TERRE HAUTE —
The college graduates of 2010 matriculate into an economy similar to the one Mark Barnes saw in 1981.
Drinking coffee inside The Corner Grind on Saturday morning, the chief operating officer for Volkswagen of America Inc. said with the confidence of experience, “There are always opportunities for good, hardworking people. This is America.” The key is to remain true to oneself, he said, adding with a laugh, “I could start singing the national anthem right now.”
And if he couldn’t sing it, he could most certainly play it. Indiana State University’s winter term commencement speaker prefaced a career in the automotive industry with an undergraduate degree in music and marketing.
His father, James, served as chair of the ISU music department from 1964 to 1973, and led the Terre Haute Symphony from 1949 to 1970.
“I was a drummer,” he said proudly, recalling days spent at Terre Haute South Vigo High School in the marching and jazz bands.
But it was an entry-level spot in the Ford Motor Co. that took him west to Arizona in a year in which jobs were scarce. America’s economy throughout the latter 1970s had suffered record inflation, oil embargoes, subsequent fuel shortages, and ultimately high unemployment.
“No, it really wasn’t all that good,” he said, describing the early 1980s as less than bountiful.
“The automotive industry was really in a slump back then,” he said, adding layoffs and work force reductions were in full swing.
His first job, which he crossed the country to get, was as a parts analyst. “I answered the phone and listened to irate customers and irate dealers,” he chuckled with reflection. But it was a job with opportunity to service customers in Arizona and New Mexico, and Barnes said the most important thing was the opening. “All you really need is that first opportunity.”

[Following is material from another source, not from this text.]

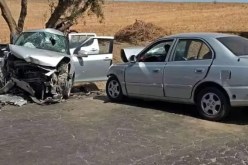 برج بوعريريج.. 5 جرحى في اصطدام بين سيارتين برأس الواد 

Two years later he made a move to Nissan, again servicing parts dealers. But in 18 years with that company he rose through a number of positions including posts in regional marketing and dealer operations. That opportunity led to a spot as the vice president for national sales at Hyundai Motor America.
“I’ve always loved the car business,” he said, noting it’s shared good times with bad during the last 30 years.
Immediately prior to becoming COO of Volkswagen’s American division, Barnes did a 10-month stint at Chrysler. The year was 2007 and would mark the beginning of an economic recession, the impact of which lingers today. When he got a call from Volkswagen, he made the move.
“It’s been very difficult over the last two years with the economy,” he said.
The automotive industry should post about 11.5 million new sales globally this coming year, compared to 10.5 million in 2010. But the industry was moving 17 million vehicles a year during the middle 2000s.
Still, any increase is good news, he said.
“What you’re seeing is pent up demand,” he explained, noting people put off buying new vehicles but now have to make a move.
This year, Volkswagen will launch its first American manufacturing plant in Chattanooga, Tenn., expecting to hire up to 2,000 workers. More than 9,000 jobs will come by way of vendor support, he said. The German-based company currently operates plants in Europe and Mexico, but America is a key market and they’re excited about moving production here.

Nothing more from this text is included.